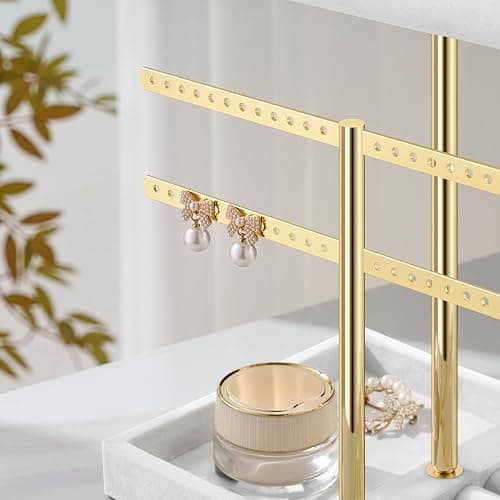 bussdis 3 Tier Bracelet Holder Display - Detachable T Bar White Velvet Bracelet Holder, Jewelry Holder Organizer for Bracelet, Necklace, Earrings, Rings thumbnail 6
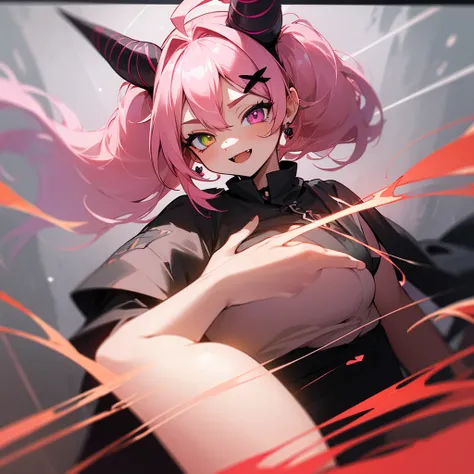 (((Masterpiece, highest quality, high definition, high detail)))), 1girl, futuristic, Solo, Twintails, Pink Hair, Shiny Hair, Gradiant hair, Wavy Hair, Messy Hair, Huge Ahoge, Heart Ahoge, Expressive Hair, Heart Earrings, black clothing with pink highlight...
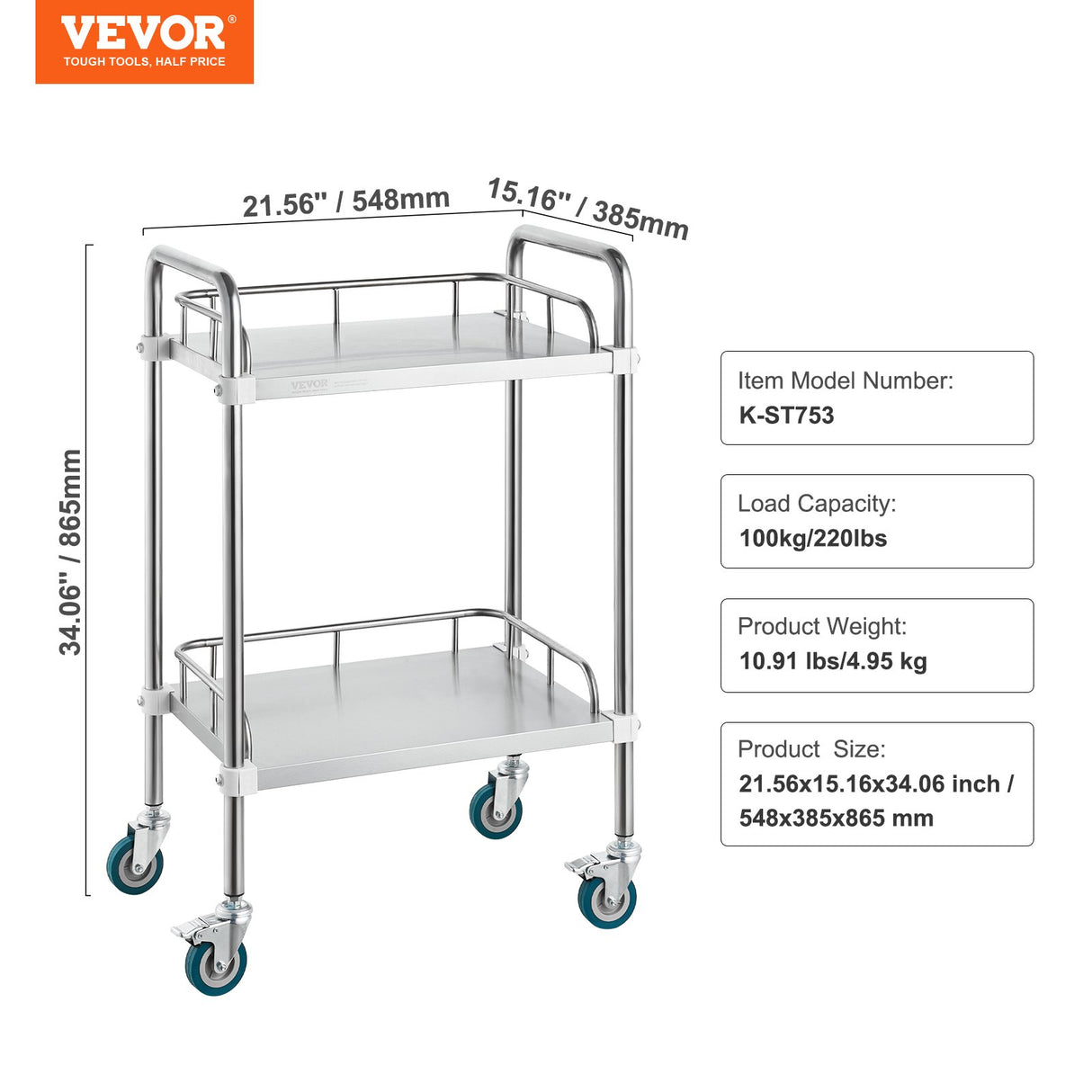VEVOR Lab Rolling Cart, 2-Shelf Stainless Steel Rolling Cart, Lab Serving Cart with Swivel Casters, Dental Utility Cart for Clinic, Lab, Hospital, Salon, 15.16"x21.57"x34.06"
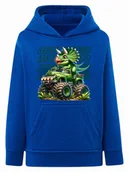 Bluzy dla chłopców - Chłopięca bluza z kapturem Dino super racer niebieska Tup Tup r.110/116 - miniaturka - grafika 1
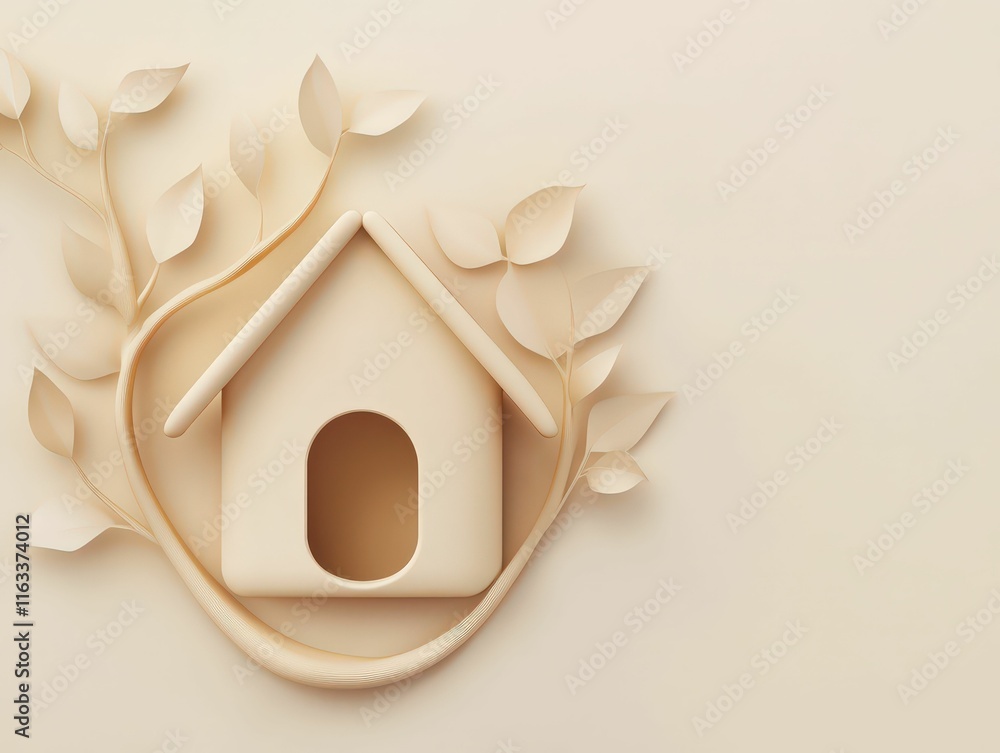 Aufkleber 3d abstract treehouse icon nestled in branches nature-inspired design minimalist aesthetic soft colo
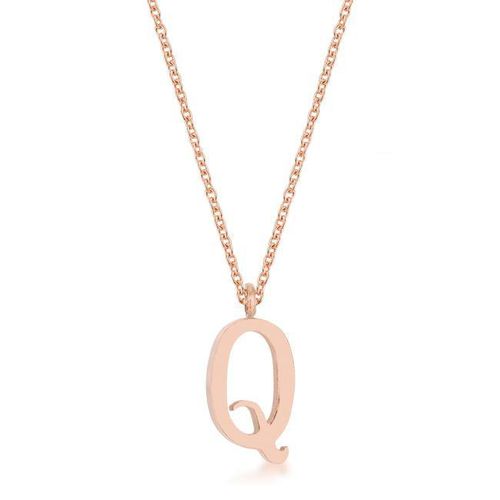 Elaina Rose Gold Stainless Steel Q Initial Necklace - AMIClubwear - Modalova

▸ Task:
Each line from the one holding "VEVOR Lab Rolling" down to the end of the records is to be reproduced unaltered, and the pictures are to be omitted.

▸ Result:
VEVOR Lab Rolling Cart, 2-Shelf Stainless Steel Rolling Cart, Lab Serving Cart with Swivel Casters, Dental Utility Cart for Clinic, Lab, Hospital, Salon, 15.16"x21.57"x34.06"
 Bluzy dla chłopców - Chłopięca bluza z kapturem Dino super racer niebieska Tup Tup r.110/116 - miniaturka - grafika 1
 Aufkleber 3d abstract treehouse icon nestled in branches nature-inspired design minimalist aesthetic soft colo
 Elaina Rose Gold Stainless Steel Q Initial Necklace - AMIClubwear - Modalova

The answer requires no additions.